November 22, 2024

Cloud Application Performance: Common Reasons for Slow-Downs

Key Takeaways

Gain an understanding of common factors that can cause cloud application performance issues.
Discover ways to boost performance by reducing network induced round trip latencies.
Employ the Universal Monitoring Agent (UMA) within AIOps and Observability solutions from Broadcom to monitor entire cluster interactions.

Worklog entry

It happens often that an application, when running on bare metal, performs well. However, after the application is packed into an image, tested on Docker/Podman, then migrated to Kubernetes, performance plummets. With an increasing number of database calls issued by the application, the application response times increase.

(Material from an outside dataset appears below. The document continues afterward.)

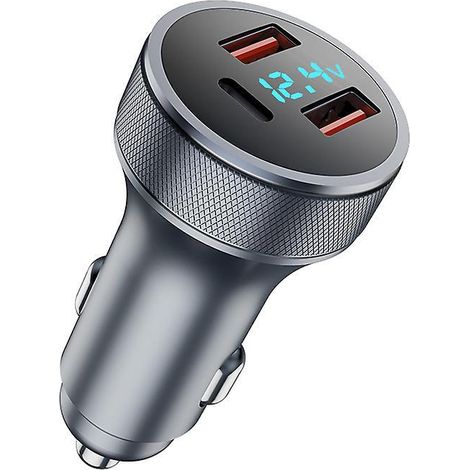 allume Cigare Usb, 54w Dual Qc3.0 + 36w Pd Usb C Charge Rapide Adaptateur, Mini Metal Usb Prise Allume Cigare Avec Voltmtre Numrique Pour Iphone 1 (1/5)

This common situation is often due to data transfer induced I/O delays.

Note: I/O stands for input/output and can be applied to disk read/write speeds, network transmission/reception, and other areas.

What experience has shown

Imagine running this same application on bare metal again but in this scenario: The database has its storage device created on a remote Network File System (NFS) device.

This means we need to account for these factors:

The number of applications that access the storage endpoint (assuming it is fast by design).
This will influence the overall response performance due to storage I/O performance.
The way the application has been programmed to gather data out of the database.
Does it cache the data, or does it just issue another request? Are the requests tiny or rather large?
The latency induced through the network access to the storage and the speed of the storage overall.

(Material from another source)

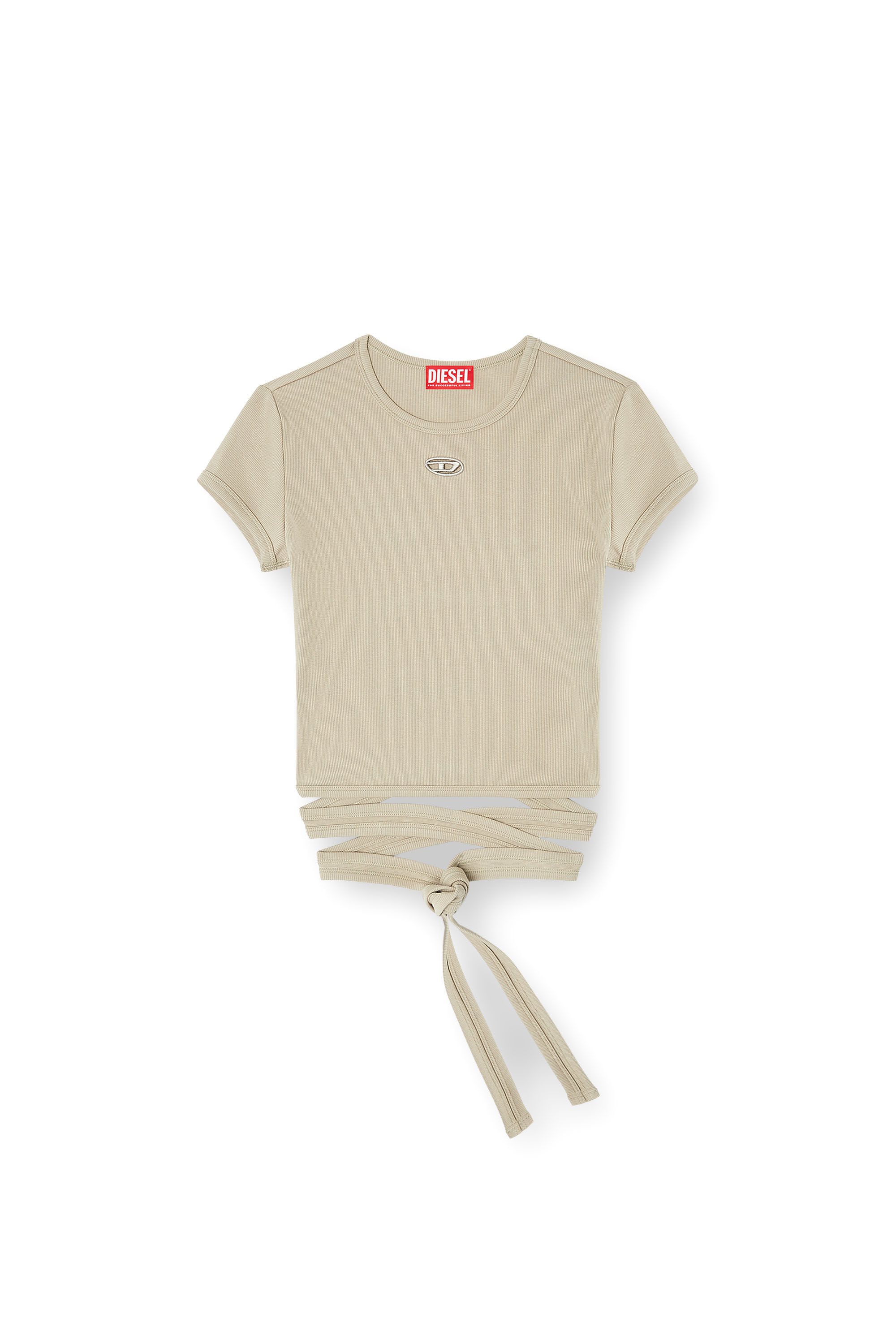Women's Ribbed t-shirt with wrap-around laces | Beige | Diesel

When accessing a network device, several major factors impact data transfer speeds:

Available link speed
Used maximum transmission time (MTU)/maximum segment size (MSS)
The size of the transferred payload
TCP window settings (sliding window)
Average round trip time (RTT) latency from A-to-B in ms.

In a data center setup, the link speed usually is not an issue, since all hosts are interconnected with at least 1 Gbps, sometimes 10 Gbps, and to the same switch. The MTU/MSS will be optimum for the configured link. What remains are the size of the transferred payload, the TCP sliding window, and the average RTT. The factors that will have the greatest impact will be the payload size, link latency, and quality, which will influence the sliding window.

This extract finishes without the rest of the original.